In terms of the advantages of being based in Switzerland, Spigel highlights that “Providing responsible access to medicine is a concept that indisputably fits the Swiss DNA – a combination of being compassionate towards other people, exporting products and services, strict regulatory compliance and international scope.” Furthermore, given its unique business model, “FarmaMondo could only have developed in a country like Switzerland; a regulated, innovation-driven, well-established market where quality infrastructure for distribution, imports and exports is in place to an extremely high standard,” Spigel notes.
Spigel also highlights the fact that SMEs in Switzerland are able to go global without the need to become significantly bigger. He posits that “Thanks to the same great business infrastructure that larger companies enjoy, a privately-owned SME business in Switzerland can enjoy the possibility of looking at world markets and considering them as opportunities that are within reach. Our size also brings operational agility, enabling us to take better advantage of this infrastructure.” Additionally, Swiss pharmaceutical MNCs such as Novartis and Roche are appreciative of the quality of smaller Swiss-based service providers; “they remain Swiss even though they are global giants” he opines.

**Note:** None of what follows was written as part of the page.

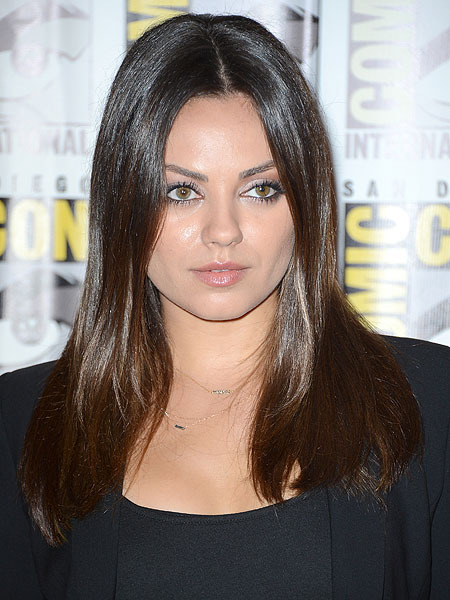 Extra Scoop: Mila Kunis Is NOT Pregnant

Close working relationships with the major Swiss companies are, however, just one part of FarmaMondo’s international success story and of Swiss solutions to patient access issues across the world. SwissMedic, the Swiss pharmaceutical regulator, is also of key importance in this effort. Spigel points out that “Swiss innovators are becoming major powers in the effort to provide early access to medicines to address unmet patient need through FarmaMondo, utilizing the unique regulatory frameworks that exist globally. In parallel, SwissMedic is providing precious guidance to allow us, as a Swiss-licensed service provider, to navigate through the jungle of regulations that are in place intentionally governing access to unlicensed medicines.” He concludes, “We are playing a key role in the industry’s effort to expand access to medicines to wherever unmet patient need exists … This is a global task, but Switzerland is at the forefront.”
A Class Apart
Despite occupying a very specific niche – as evinced by the fact that its genuine global competitors can be counted on one hand – FarmaMondo’s service offering places it at the crux of several of the core challenges facing the modern healthcare industry. Spigel elaborates these challenges as “the need to expand access to medicine, the fight against the substandard distribution of drugs, the influence of social media on pharmaceutical companies’ decisions, and the need to navigate through multiple regulatory landscapes.” Moreover, he highlights that FarmaMondo’s business model puts the company firmly in line with the three major trends of the modern industry; namely “Patient-centric initiatives, enhanced access to medicine early in the product life cycle, and innovative regulatory mechanisms that are flexible enough to accommodate individual patient needs.”